Angie had already gone to the bar and was looking underneath for the
bottle of the illegal liquor. She slipped a paper napkin under it and
lifted it by the cork.

"Absinthe," Jonas muttered. "The stuff is supposed to
fry your brains. I always wondered why he liked it."

"Why do you suppose Bat wants Chandler's finger-prints?"
Angie asked.

She had picked up another bottle and was pouring them two bourbons.
Jonas was aware of her little trick. She knew he would want a drink
about now, and if she poured it, it would be smaller than if he
poured it himself.

"He didn't say, and I didn't ask," said Jonas. "But if
I were Morris Chandler I'd watch my ass. Bat's got a mean streak in
him."

"Like you never did." Angie laughed.

2

Glenda opened her new club show in the Nacional Hotel in Havana. Sam
Stein had tried to book her into the Riviera, but Meyer Lansky vetoed
the idea. "The long arm of the Cords," Sam complained.
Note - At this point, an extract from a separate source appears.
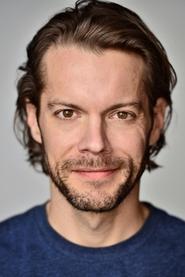 Расселл Сэмс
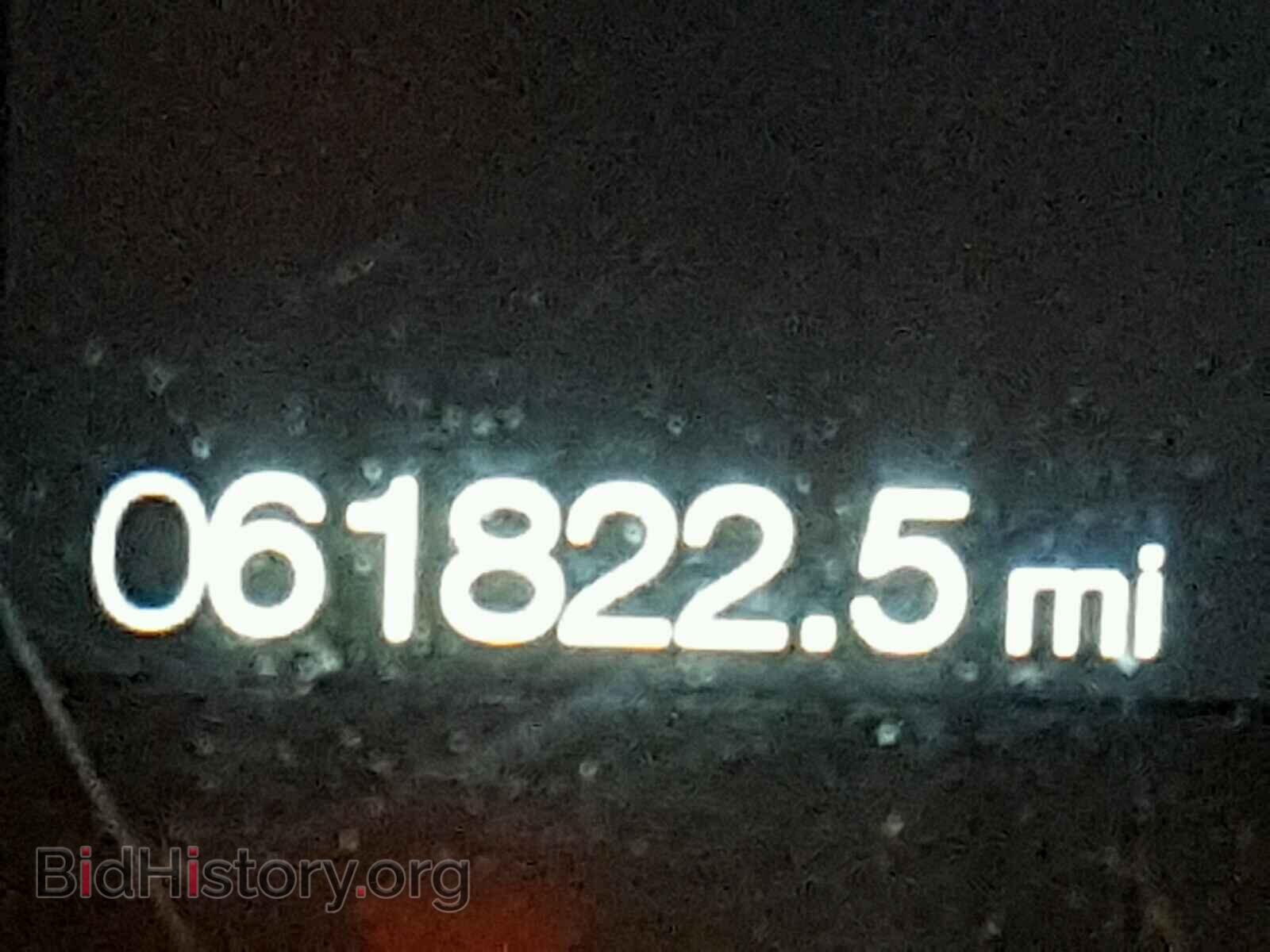 2013 FORD F150 - VIN: 1FTFX1ET8DFC40723 - Фото 8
Glenda told Sam she was tired of television and wanted to do a bold
act, in the kind of costume she used to wear, doing a monologue with
words and subjects that were taboo on the little tube. Sam was
dubious, but she swept aside his cautions, wrote her own lines, and
designed her whole production.

"I'm gonna be a
sensation
," she
told Sam.

For the first half of the show, she returned to a costume that had
always worked very well for her and was something of a Glenda Grayson
signature: a simple black dance leotard, this one cut very high on
her hips, dark sheer stockings, blood-red garters, and black hat. Her
hips and upper legs were bare, emphasizing as always the theatrical
contrast between white skin and black costume.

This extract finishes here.